■ WHAT THE EXERCISE ASKS:
From the line containing "Group of members" through the last line below, copy every line exactly, leaving out the pictures.

■ SOURCE MATERIAL:
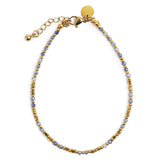 Gold and blue beaded bracelet on a white background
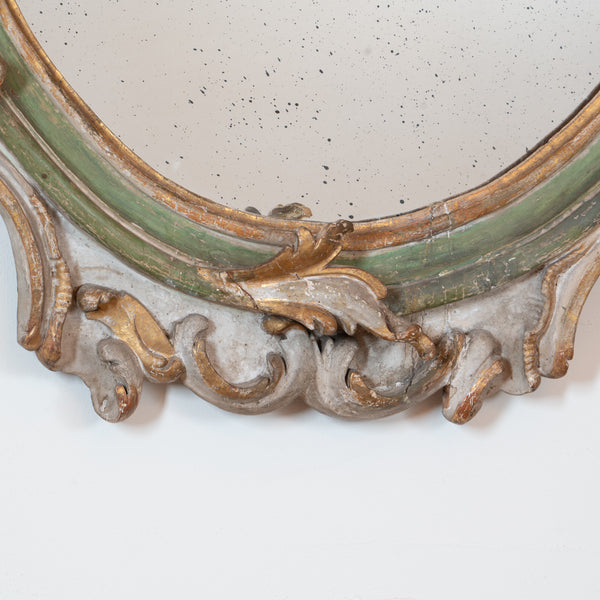 An Italian Rococo Carved, Painted and Parcel-Gilt Oval Mirror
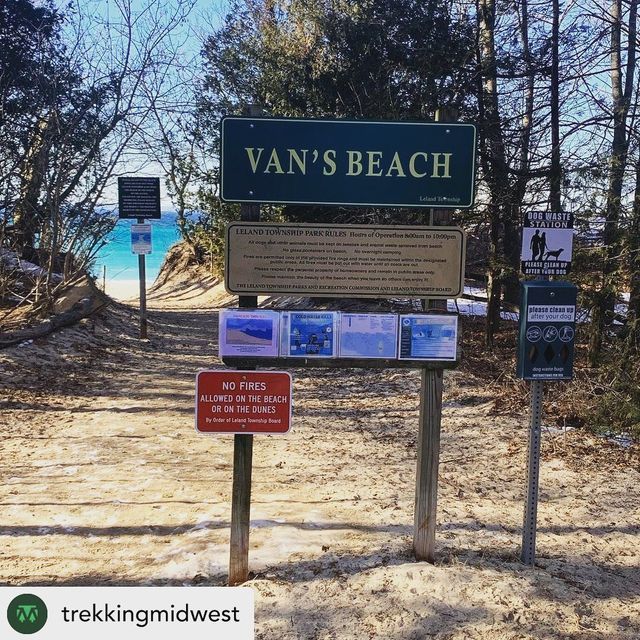 a sign that says van's beach on the side of a dirt road with trees in the background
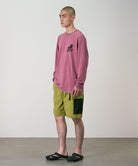 Person wearing a red  long-sleeve shirt and green shorts against a plain background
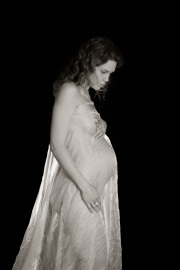 Pregnancy bump under a floaty fabric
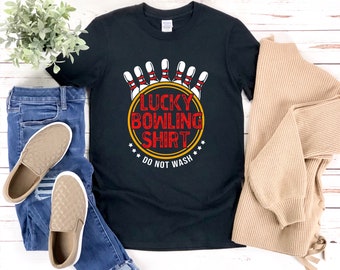 May include: Black t-shirt featuring a graphic of bowling pins and a bowling ball with the text "Lucky Bowling Shirt Do Not Wash" in red and yellow.
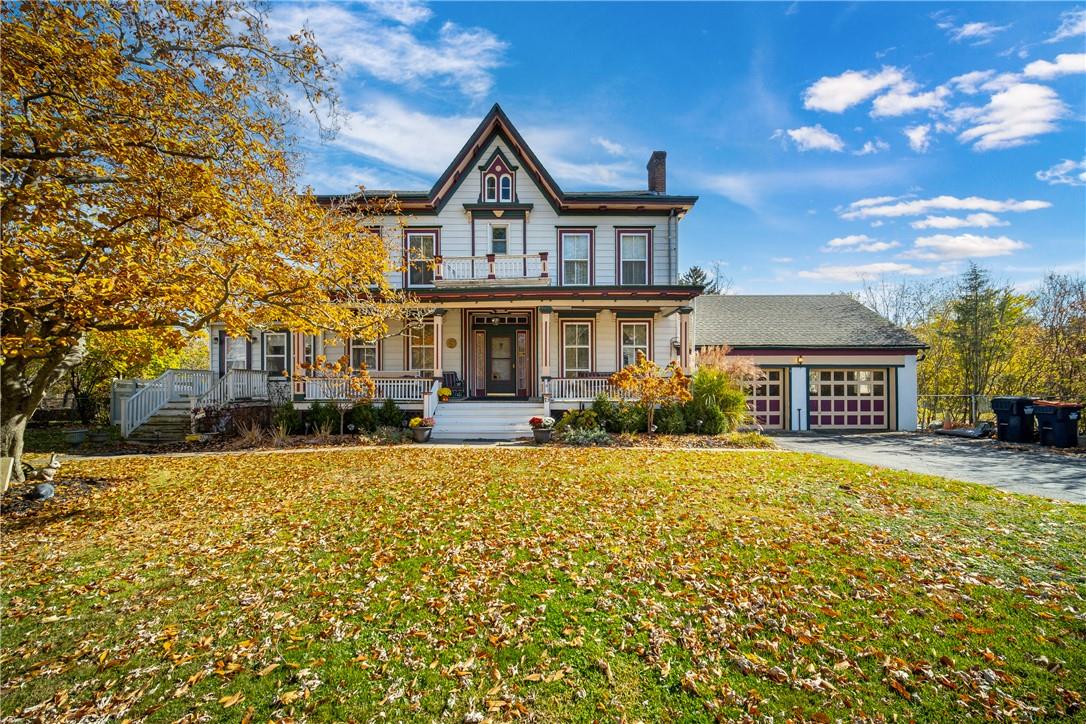 Victorian-style house featuring a garage, a front lawn, and a porch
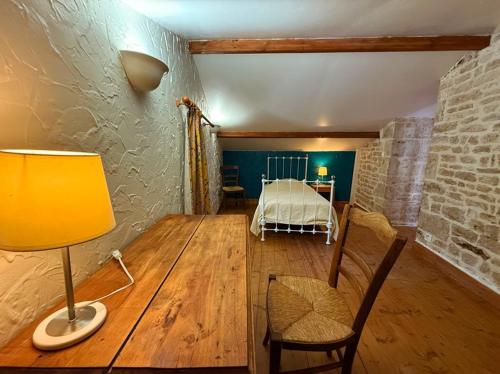 a room with a table with a bed and a lamp at Chambre d'hôtes Les Bleuets in Melle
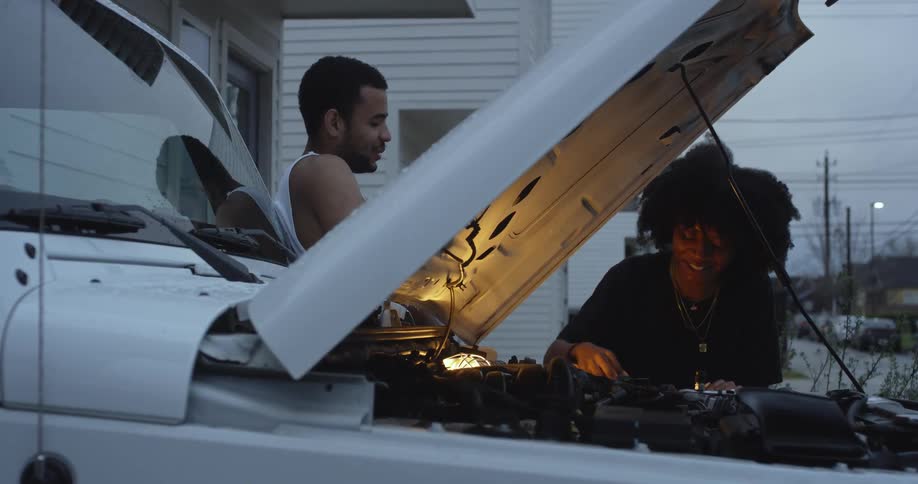 A man talks with a woman as she cleans the engine of a vehicle parked in the driveway of a house on a cloudy evening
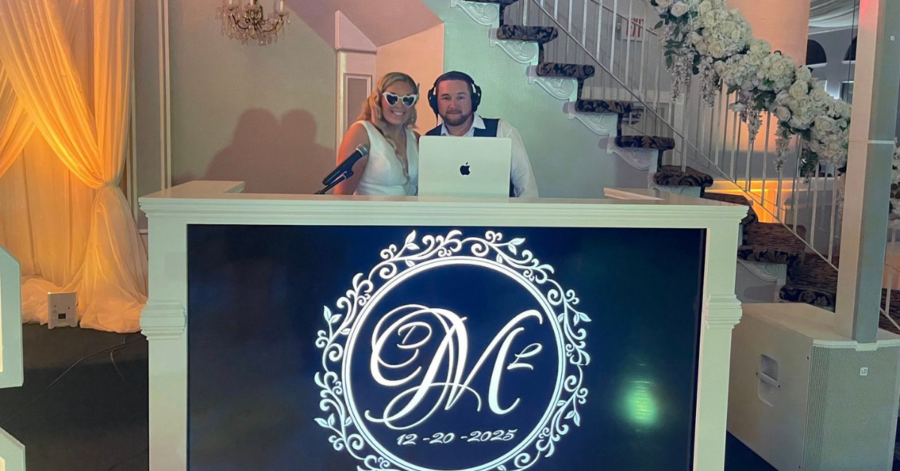 A couple stands behind a DJ booth decorated with floral designs and initials "DM," dated 12-20-2025. An elegant staircase and soft lighting set a celebratory mood.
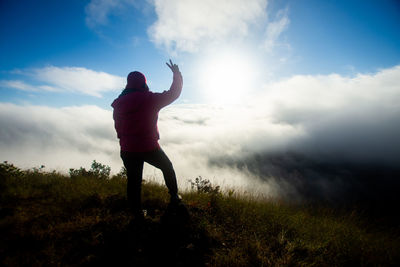 Rear view of woman with arms raised gesturing peace sign while standing on field against sky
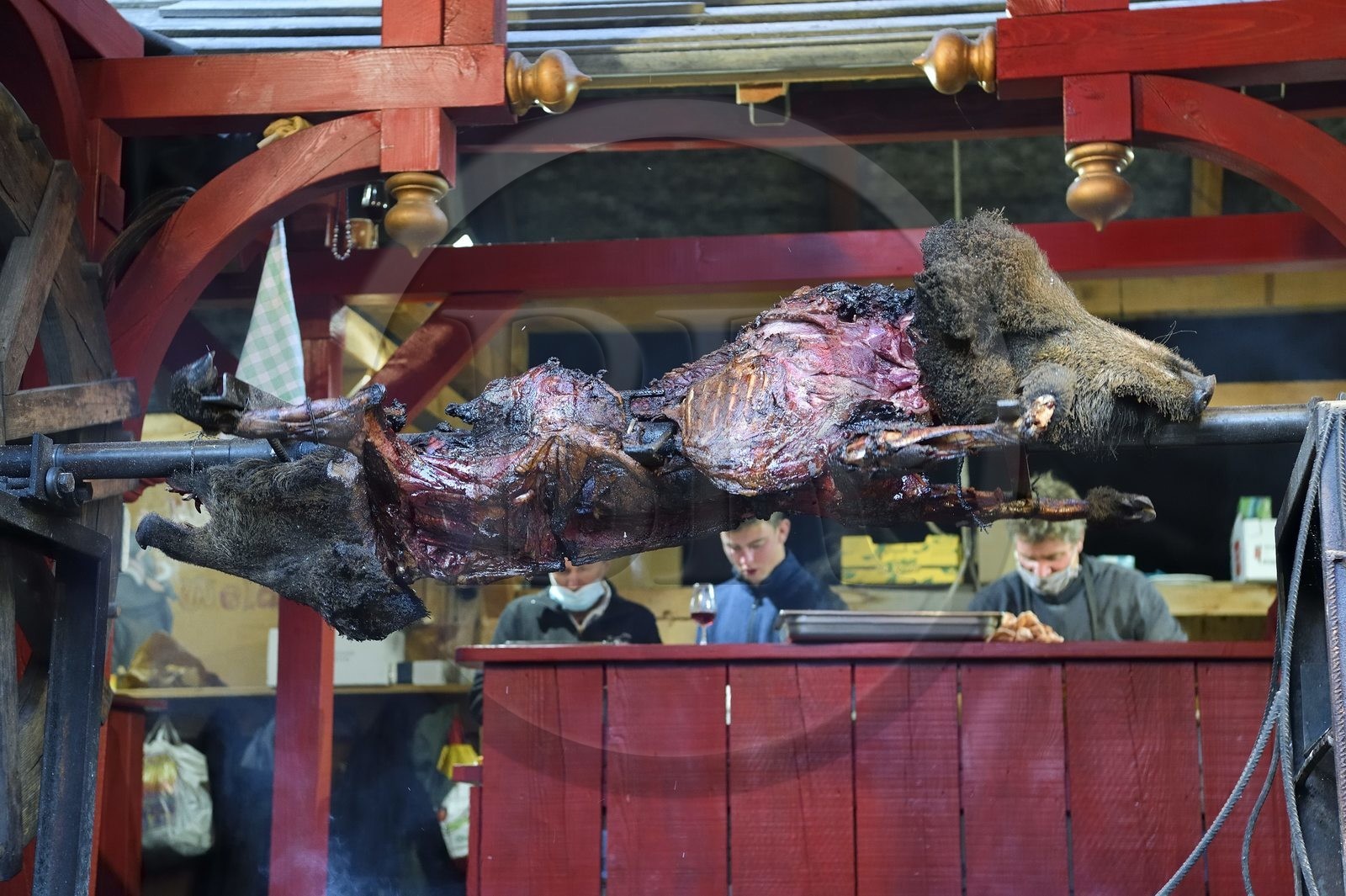 France, Haut Rhin, Strasbourg, Ribeauvillé, the medieval christmas market, stall offering wild boar on the spit accompanied by cervoise and wine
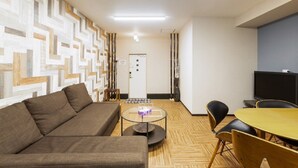 Una sala de estar moderna con un sofá, una mesa de centro redonda y un televisor.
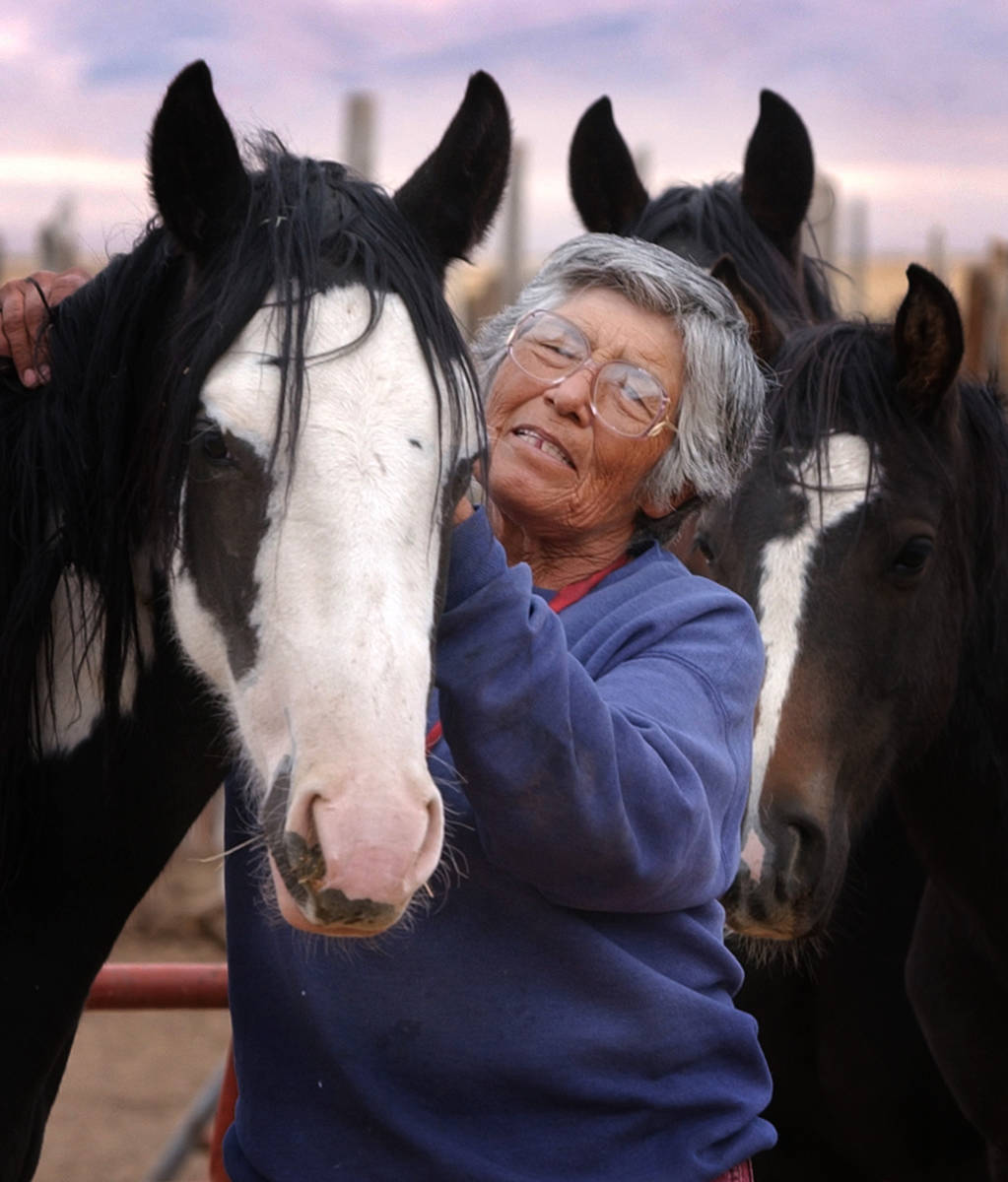 In this Oct. 2, 2002 file photo Carrie Dann works with a horse on the ranch she owns with her s ...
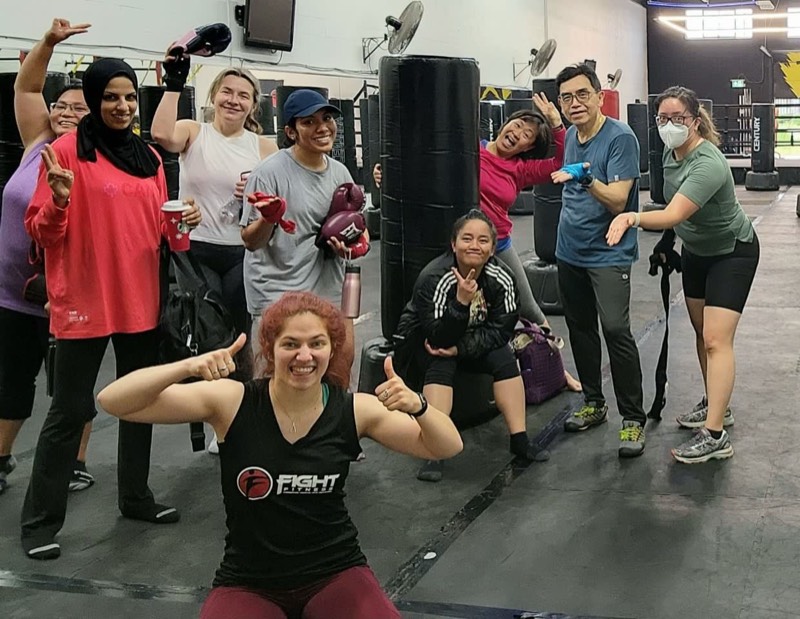 Group of members with heavy bags after kickboxing class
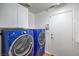 Laundry room with blue washer and dryer, cabinets, and exterior access at 2374 Thayer Ave, Henderson, NV 89074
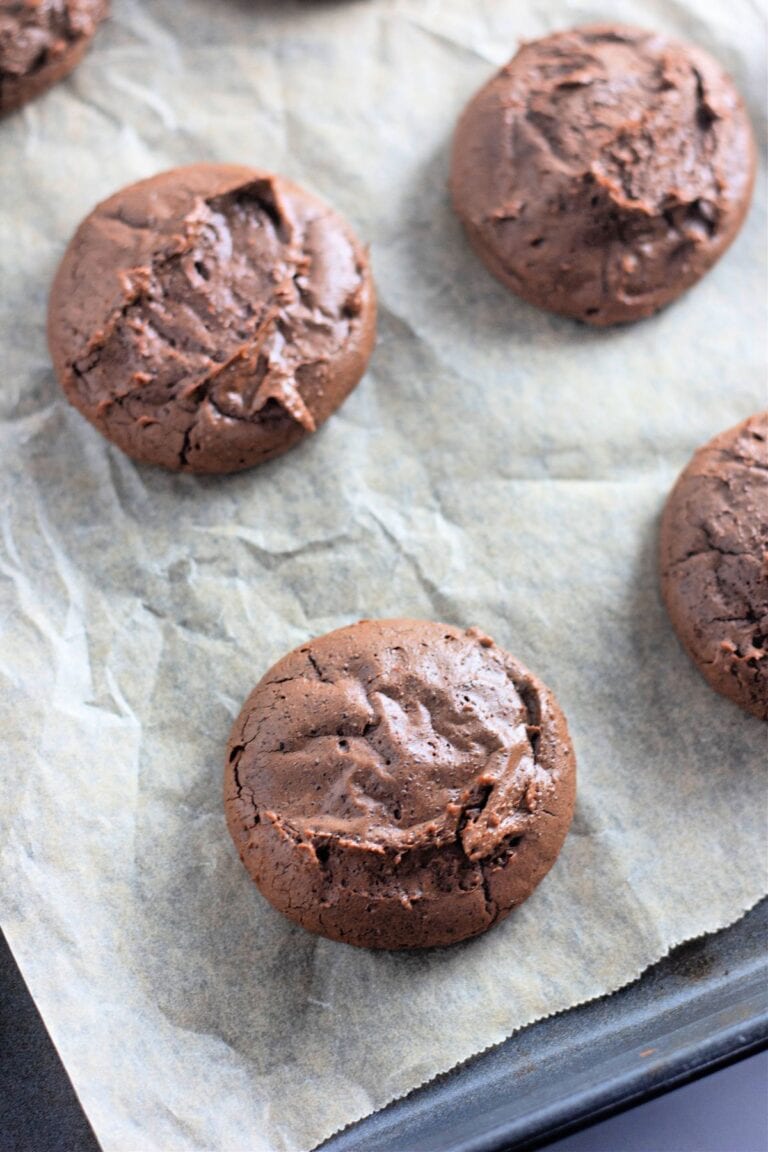 Three chocolate cookies on parchment paper, resting on a baking tray.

■ SOLUTION FOR THIS EXERCISE:
 Group of members with heavy bags after kickboxing class
 Laundry room with blue washer and dryer, cabinets, and exterior access at 2374 Thayer Ave, Henderson, NV 89074
 Three chocolate cookies on parchment paper, resting on a baking tray.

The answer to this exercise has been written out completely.